Non-Divisibility

Rewrite the expression in terms of the sum of first n squares; $n(n+1)(2n+1)=6(1^2+2^2+3^2+...+n^2)$

It's obvious that $n(n+1)(2n+1)$ is a multiple of $6$ , thus the only possible remainders when reduced by modulo $18$ are $6,12$ . So we got 2 cases with 2 remainders;

Case 1: $6(1^2+2^2+3^3+...+n^2)=18x+6$

simplifying becomes; $1^2+2^2+3^3+...+n^2=3x+1$

We want $1^2+2^2+3^3+...+n^2\equiv{1\mod{3}}$

Using the cycle of the reduced residues of $n^2\mod{3}$ , we get the maximum of $n=96$

Case 2: $6(1^2+2^2+3^3+...+n^2)=18y+12$

simplifying; $1^2+2^2+3^3+...+n^2=3y+2$

We want $1^2+2^2+3^3+...+n^2\equiv{2\mod{3}}$

and using reduced residues of $n^2\mod{3}$ again, we yield the maximum $n=97$

Thus $97$

Went by trial and error method :

Trick is that denominator is 18 = 9 * 2 & so the numerator can't be even & multiple of 9  at the same time.

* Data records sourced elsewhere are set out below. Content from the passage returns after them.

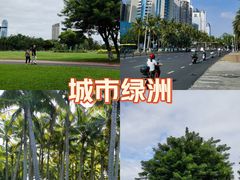 -万绿园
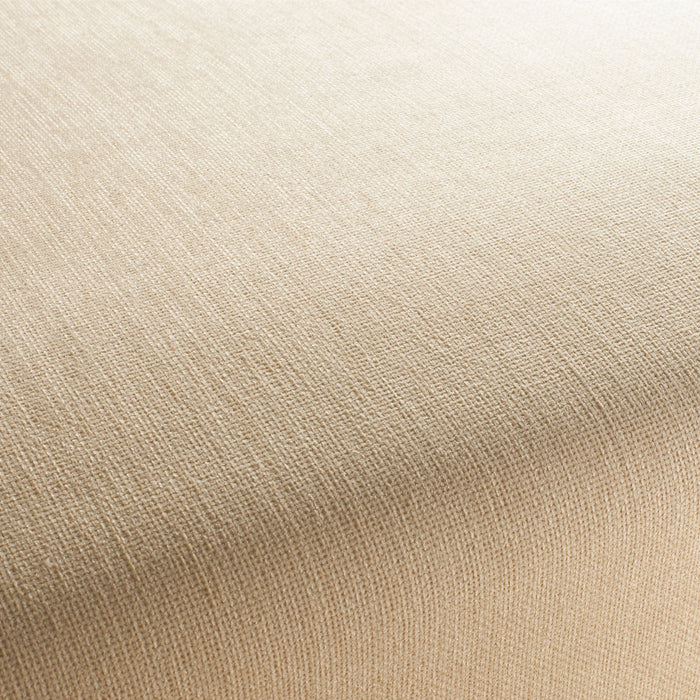 Jab Anstoetz Toro Vol. 3 077 Fabric Sample 1-1243-077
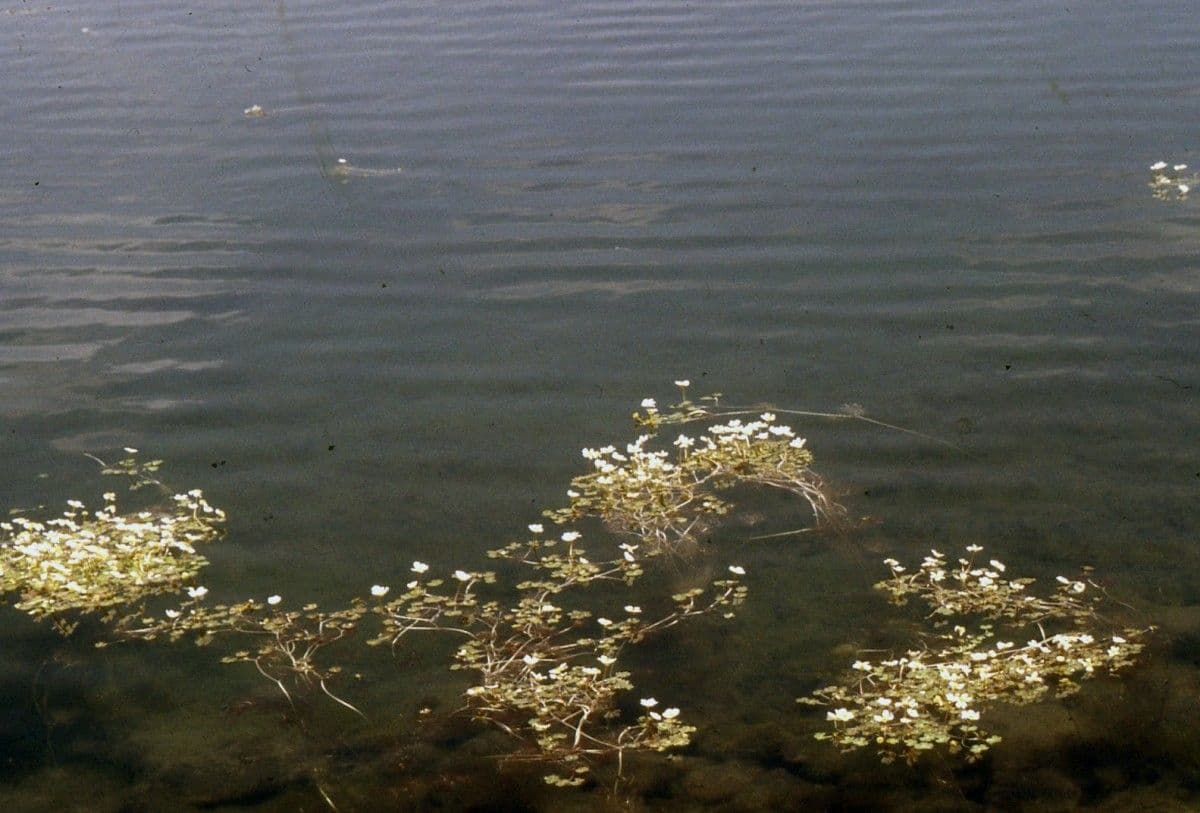Ranuncolo acquatico 10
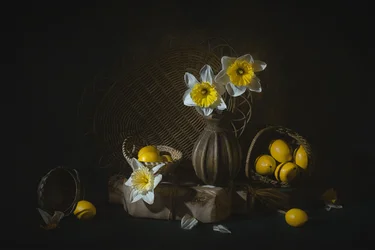 Spring Daffodils and Lemons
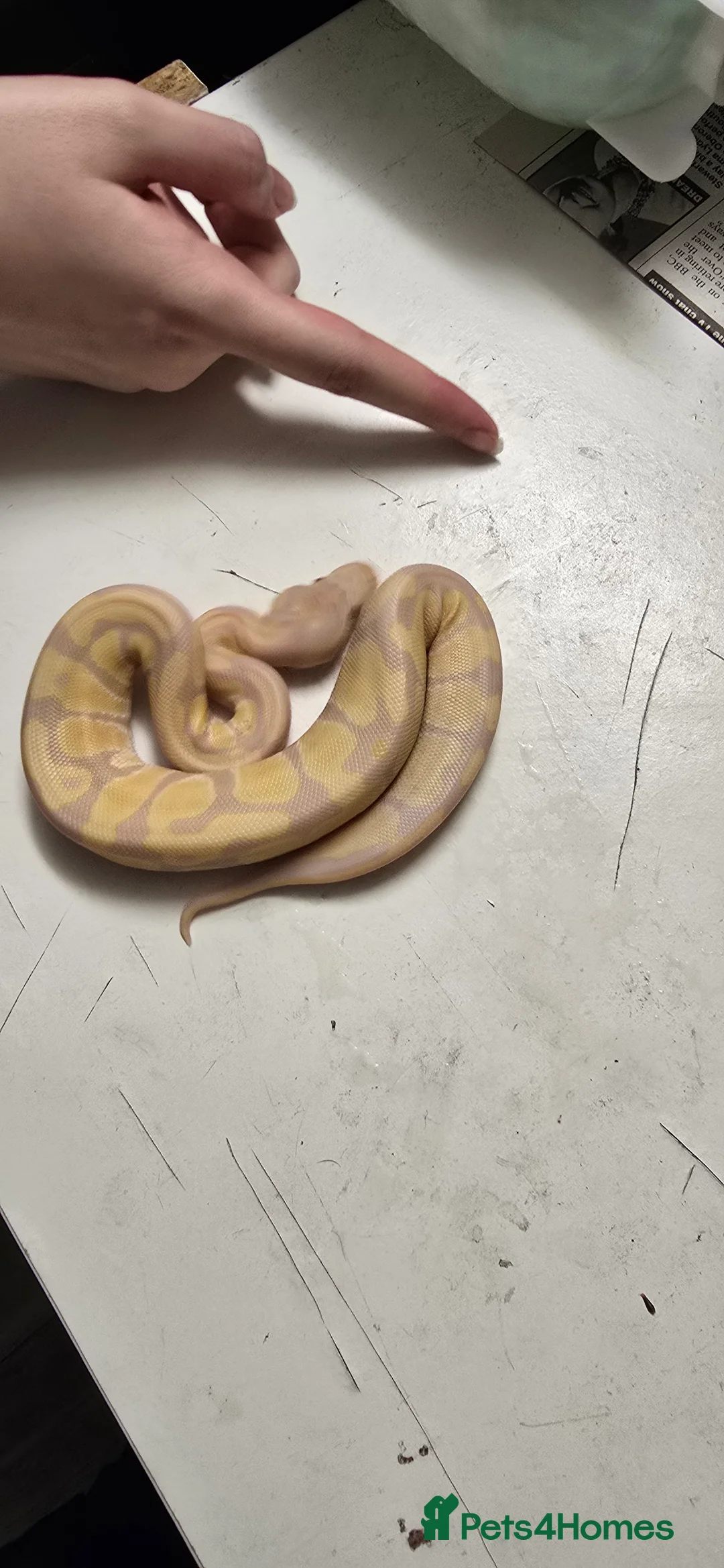 Python Snake reptiles for sale: Various Ball Pythons in Wellingborough - Advert 30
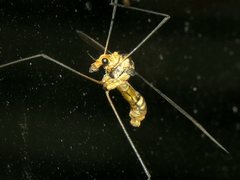 Leptotarsus clavatus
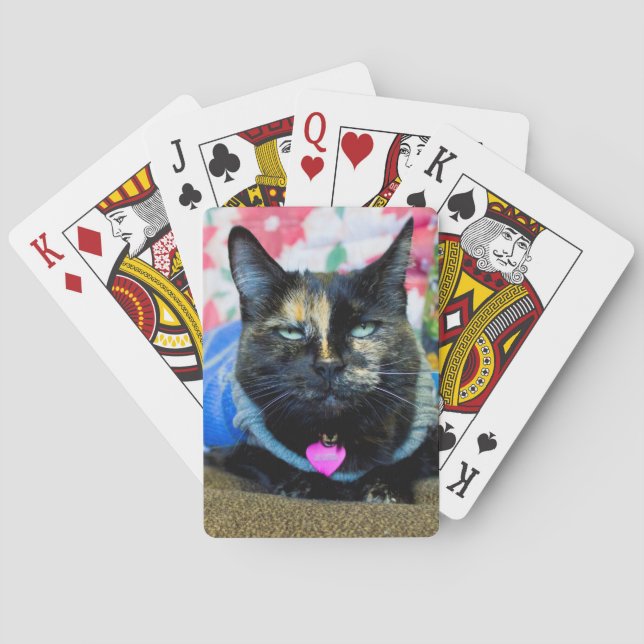 Jeu De Cartes Calico Ier (dos)
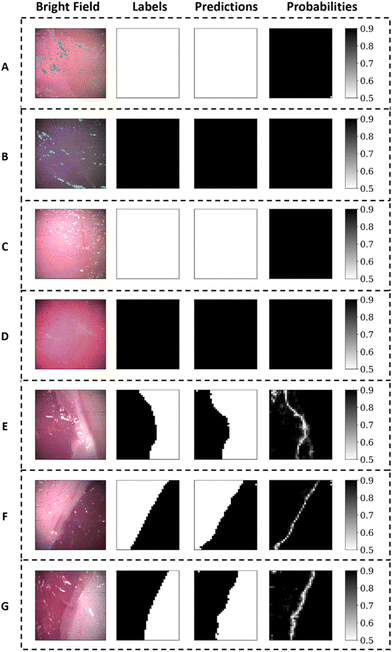 image file: d2an01946a-f6.tif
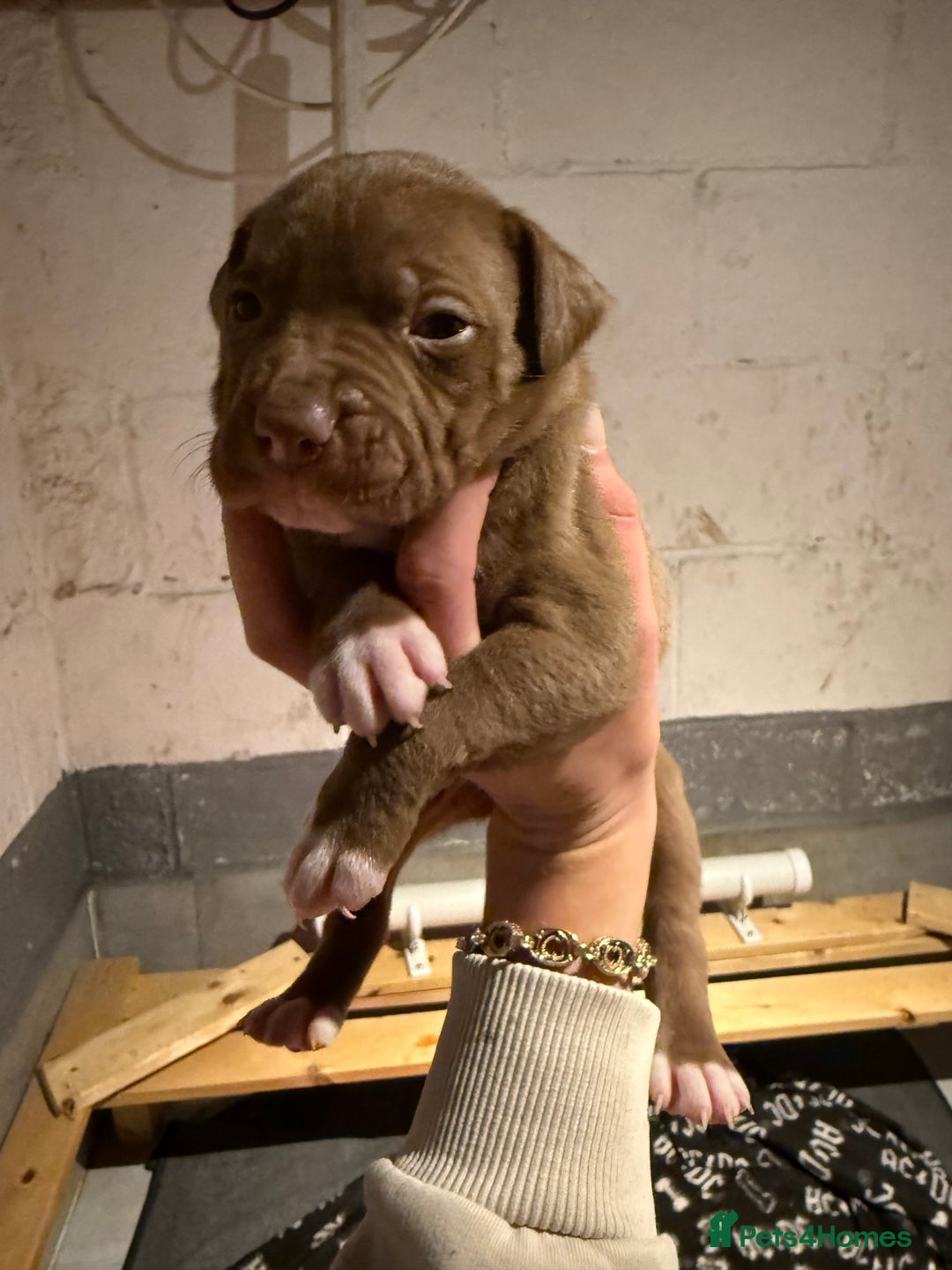 Staffordshire Bull Terrier dogs for sale: Staffordshire bull terrier pups - Image 14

99 is out of option and even 98 but 97 is divisible by 6 and not by 18.

Alternate solution :

The given equation is a modified form of sum of squares to 'N' terms = N(N+1)(2N+1)/6 which means for any    value of 'N' by default is divisible by 6. By checking 98,99 are divisible by 18 because of  '99' which is already a multiple of 9 and so 97 is the answer.